A long-term consequence of cataract surgery is posterior capsular opacification (PCO). PCO is the most common complication of cataract surgery. The most common complication of cataract surgery is inflammation of the cornea or the outer window of the eye. It can also cause more serious problems, such as bleeding and swelling.
You may need surgery to return it to its position or to place it in a new position. It's rare, but during surgery, the blood vessels that supply the retina may start bleeding for no reason. A little bit of blood isn't a problem, but larger amounts can cause vision loss. Swelling, bleeding, or excess lens fragments can cause increased pressure on the eye, which can cause glaucoma.
If possible, it may be beneficial to evaluate and treat other eye problems before making a decision to undergo cataract surgery. If you have cataracts in both eyes, your doctor usually schedules the second surgery after the first eye has healed. Several studies compared the rates of adverse effects as surgeons went from intracapsular cataract removal surgery (ICCE) to extracapsular cataract extraction (ECCE), and of the two procedures, ECCE has generally had the best safety profile. Cataract surgery remains a very safe surgical procedure, and few patients experience serious adverse effects that endanger their sight.
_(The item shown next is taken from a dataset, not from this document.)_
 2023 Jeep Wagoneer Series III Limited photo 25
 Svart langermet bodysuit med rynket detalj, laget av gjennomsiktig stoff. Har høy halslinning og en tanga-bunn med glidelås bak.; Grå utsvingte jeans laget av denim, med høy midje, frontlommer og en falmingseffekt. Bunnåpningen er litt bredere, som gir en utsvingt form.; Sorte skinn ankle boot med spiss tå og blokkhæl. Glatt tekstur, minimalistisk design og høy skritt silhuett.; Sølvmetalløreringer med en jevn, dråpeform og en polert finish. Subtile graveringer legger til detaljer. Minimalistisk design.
Occasionally, surgeons perform cataract surgery the same day with another intraocular procedure, such as penetrating keratoplasty, trabeculectomy, or pars plana vitrectomy. They were reported to be almost twenty times more likely to suffer from RD after cataract surgery when the back capsule ruptured. Ocular hypertension, an increase in pressure in the eye, is one of the most common risks of cataract surgery. During phacoemulsification, the most common type of cataract surgery, the tip of the ultrasound probe, which vibrates quickly, emulsifies and helps break up the cataract, which is then suctioned by the surgeon (top).
He conducted a case-control study with 249 patients with pseudophacic RD and 845 matching controls who underwent cataract surgery and discovered that a different surgical technique (ECCE) compared to cataract surgery consists of removing the lens from the eye and, in most cases, replacing it with an artificial lens. In an analysis, which used claim data from patients undergoing cataract surgery at Veterans Administration Medical Centers (VAMC) across the country, Greenberg et al. Several researchers have studied the rates of intraoperative and postoperative complications among cataract surgeries performed by resident surgeons. The most common intraoperative complication associated with cataract surgery is the alteration of the posterior capsule, which can cause loss of the vitreous, the need for a vitrectomy, the placement of the intraocular lens in the ciliary sulcus or the anterior chamber and, sometimes, the need for additional surgical interventions.
Numerous studies have evaluated the risk of RD after cataract surgery and the risk factors associated with pseudophachic and aphachic RD. In a study conducted at the Aravind Eye Hospital, one-year rates of serious postoperative complications were more frequent with ICCE surgery (14.5%) than with ECCE surgery (7.7%).